[Stored items from a collection]

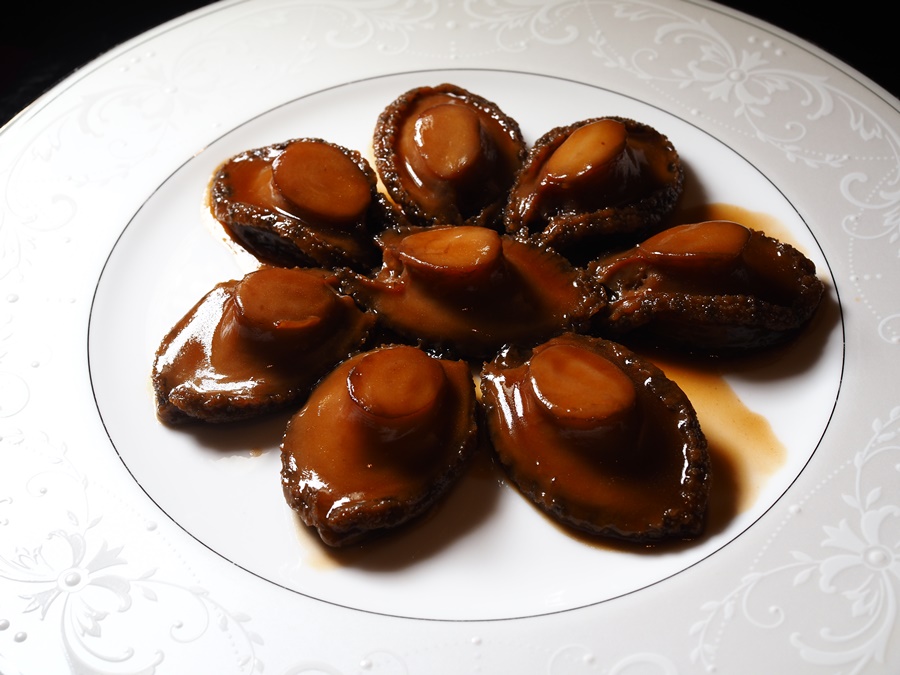 「蠔汁扣鮮鮑」以海味之冠美譽「大連鮑魚」長時間熬煮，入味Q嫩。（2,080元／份）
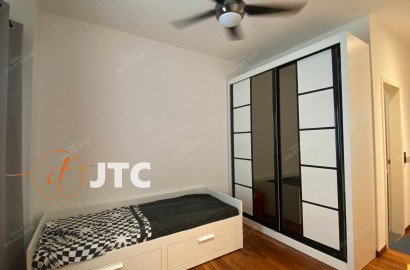 Nice and Clean Middle Room with private toilet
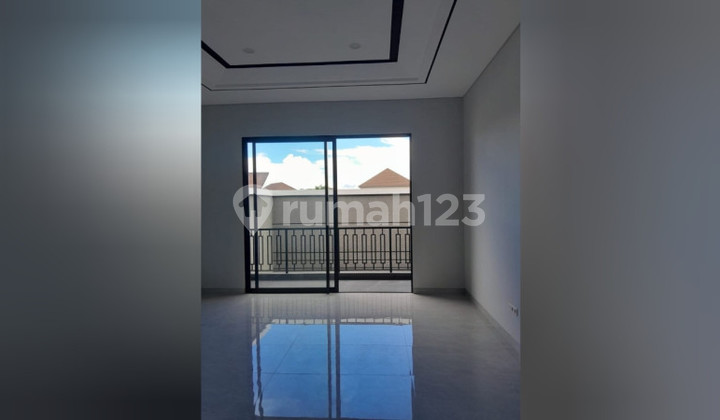 Woodland Citraland House Surabaya 2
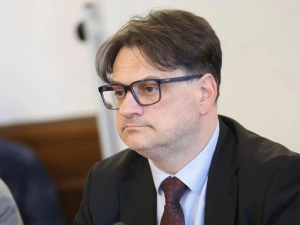 Въпреки писмо на МС: Мариан Бачев назначи за шеф служителка в конфликт на интереси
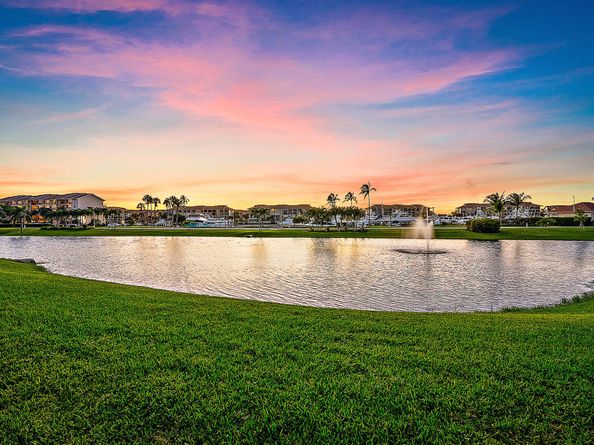 701 Seafarer Circle 103, Jupiter FL 33477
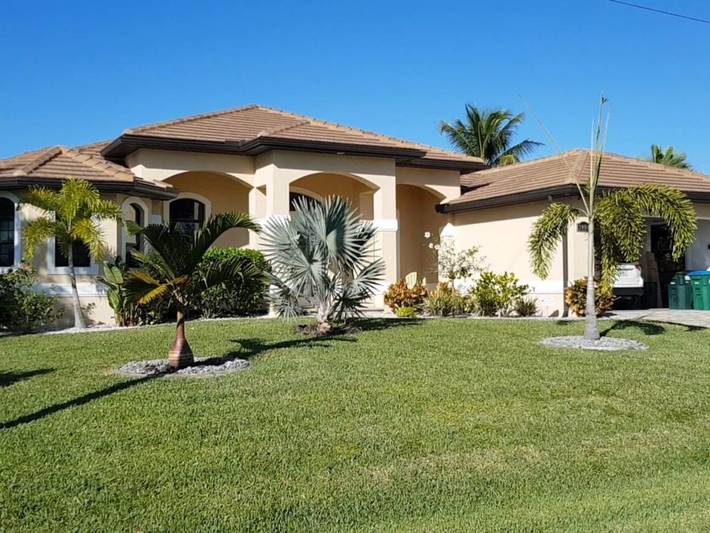 Location de vacances pour 6 personnes, avec jacuzzi ainsi que piscine et jardin à Cape Coral - 2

Task to complete.
A word-for-word copy of the entries above is what is needed, without any images.

Result for this exercise.
 「蠔汁扣鮮鮑」以海味之冠美譽「大連鮑魚」長時間熬煮，入味Q嫩。（2,080元／份）
 Nice and Clean Middle Room with private toilet
 Woodland Citraland House Surabaya 2
 Въпреки писмо на МС: Мариан Бачев назначи за шеф служителка в конфликт на интереси
 701 Seafarer Circle 103, Jupiter FL 33477
 Location de vacances pour 6 personnes, avec jacuzzi ainsi que piscine et jardin à Cape Coral - 2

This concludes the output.